YOUR TASK: Below are records with pictures in them. Transcribe everything from the line containing "Livvy Dunne Stuns" down to the line containing "Fereastra termopan APLAST, PVC, 4", exactly, and leave the pictures behind.
[[ INPUT MATERIAL open ]]
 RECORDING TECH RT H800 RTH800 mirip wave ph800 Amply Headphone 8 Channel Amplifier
[[ INPUT MATERIAL closed ]]
[[ INPUT MATERIAL open ]]
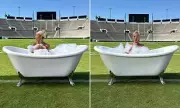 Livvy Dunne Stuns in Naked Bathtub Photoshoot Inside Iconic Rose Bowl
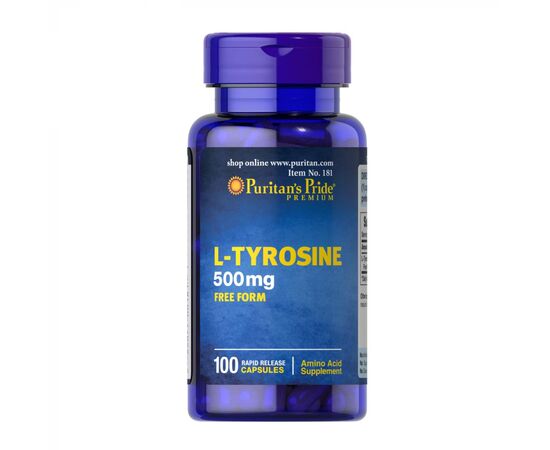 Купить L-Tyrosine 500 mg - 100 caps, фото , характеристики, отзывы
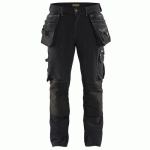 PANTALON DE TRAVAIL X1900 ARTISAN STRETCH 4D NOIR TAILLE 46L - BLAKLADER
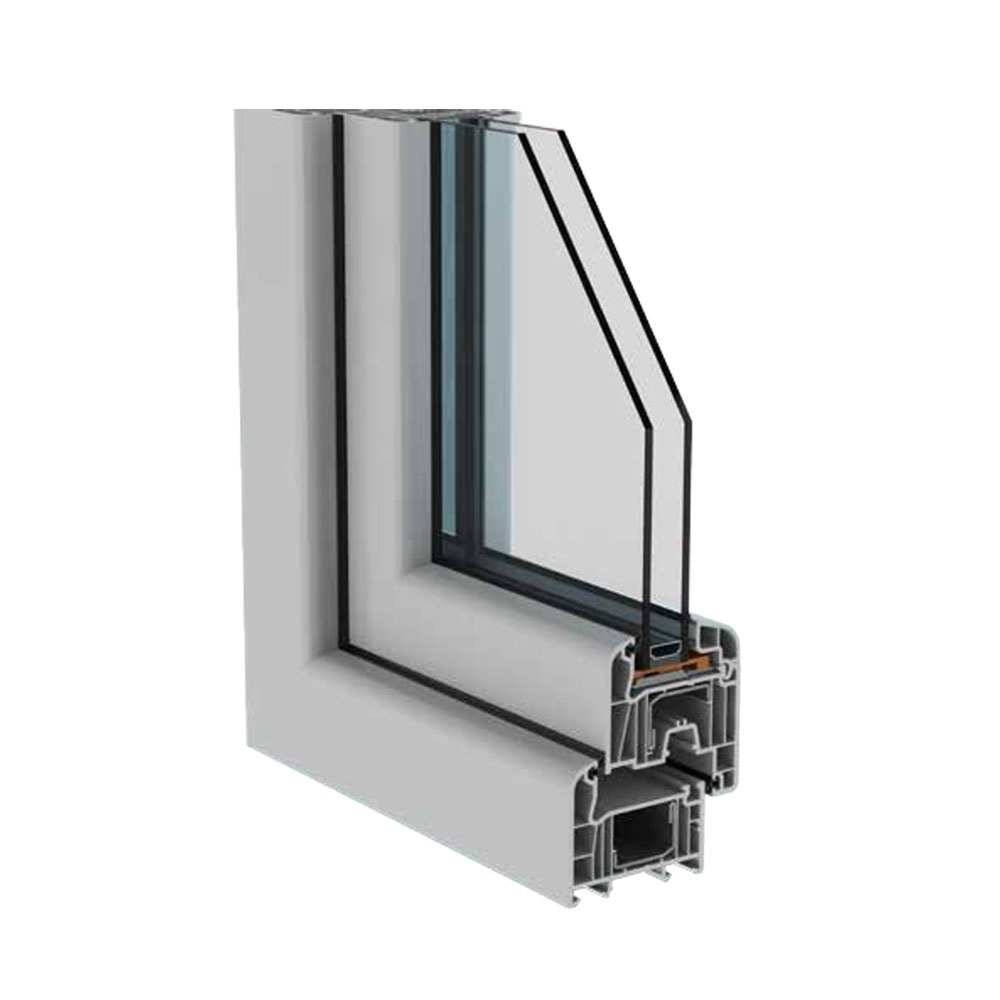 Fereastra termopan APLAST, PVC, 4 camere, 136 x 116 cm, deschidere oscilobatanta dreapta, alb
[[ INPUT MATERIAL closed ]]
[[ INPUT MATERIAL open ]]
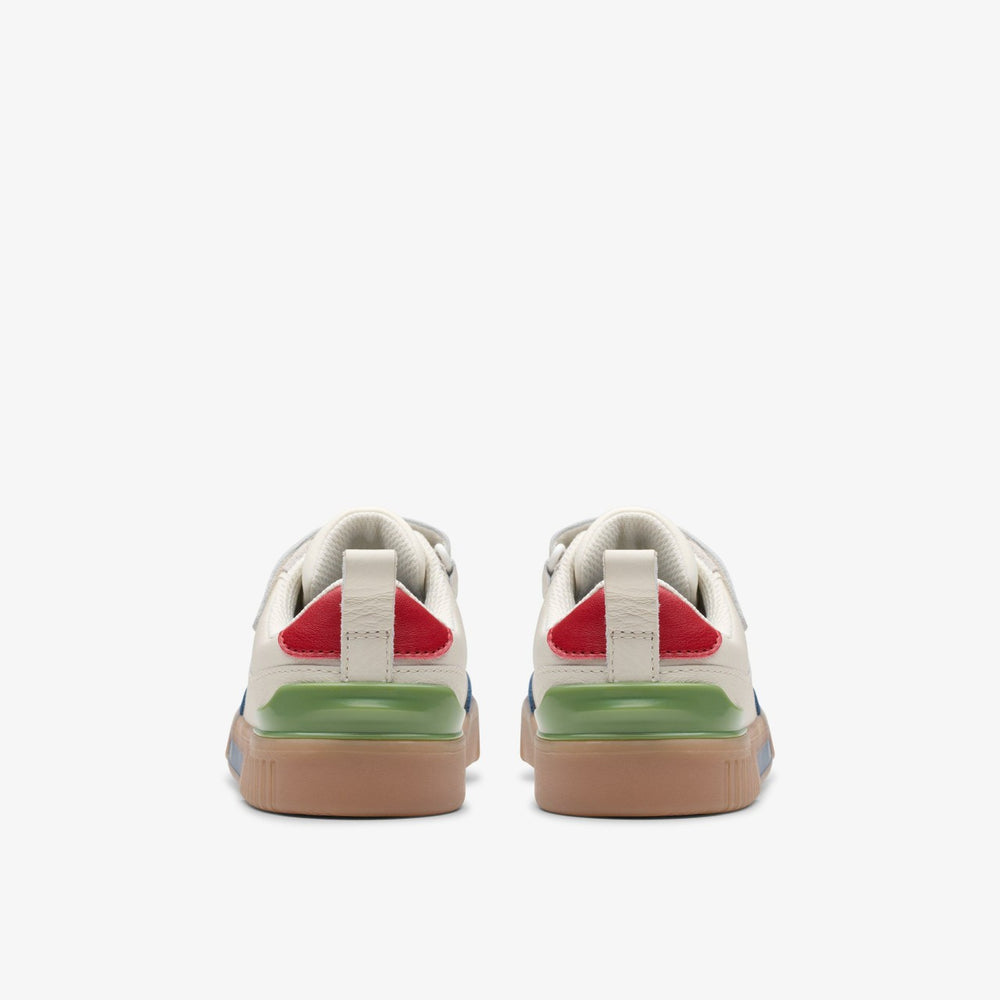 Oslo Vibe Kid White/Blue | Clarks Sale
[[ INPUT MATERIAL closed ]]
EXERCISE RESULT:
 Livvy Dunne Stuns in Naked Bathtub Photoshoot Inside Iconic Rose Bowl
 Купить L-Tyrosine 500 mg - 100 caps, фото , характеристики, отзывы
 PANTALON DE TRAVAIL X1900 ARTISAN STRETCH 4D NOIR TAILLE 46L - BLAKLADER
 Fereastra termopan APLAST, PVC, 4 camere, 136 x 116 cm, deschidere oscilobatanta dreapta, alb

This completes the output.